Anaïs – celle de la fiction (essayons de la distinguer de la vie « réelle ») – ne cesse de courir : nous l’avons dit, mais il s’agit bien d’un leitmotiv chorégraphique qui donne à son personnage une légèreté permanente, tant d’un point de vue physique que psychologique. Anaïs revendique l’inconstance : elle ne saurait se fixer avec les êtres qu’elle aime. Elle a la grâce du papillon qui vole de fleur en fleur après en avoir épuisé le suc. Nous la voyons d’abord en compagnie d’un jeune garçon qui l’aime et dont elle est enceinte. Mais Anaïs est fatiguée de cette liaison et ne saurait devenir mère.
Elle succombe alors aux charmes de Daniel (Denis Podalydès), un homme d’âge mûr qui ne dispose pas toujours des ressources nécessaires à un acte sexuel en bonne et due forme. Qu’à cela ne tienne : il a au moins l’avantage d’avoir une compagne, Emilie (Valeria Bruni Tedeschi), qui va rapidement intéresser notre Anaïs. Celle-ci s’initie alors aux joies du saphisme – ce qui nous vaut une jolie scène intimiste sur une petite plage perdue des Côtes d’Armor.
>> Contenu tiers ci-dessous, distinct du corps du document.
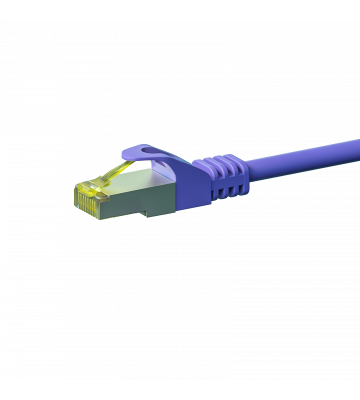 Cat7 Kabel S/FTP/PIMF - 0,25 Meter - lila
Il y a quelque chose de libertin dans le film de Charline Bourgeois-Tacquet – et ce n’est pas la scène nocturne dans le cabinet secret où abondent les gravures érotiques qui nous fera penser le contraire. Anaïs – celle de la fiction – prépare une thèse de doctorat sur l’écriture de la passion au XVIIe siècle. Comme on l’eût plutôt attendue sur le même sujet… au XVIIIe ! Ce qui est certain, c’est que le personnage baigne dans la littérature : Anaïs lit beaucoup et ce n’est pas un hasard si elle s’éprend d’une écrivaine qui trouve aussi de son côté un beau moyen d’expérimenter ainsi de nouvelles aventures romanesques.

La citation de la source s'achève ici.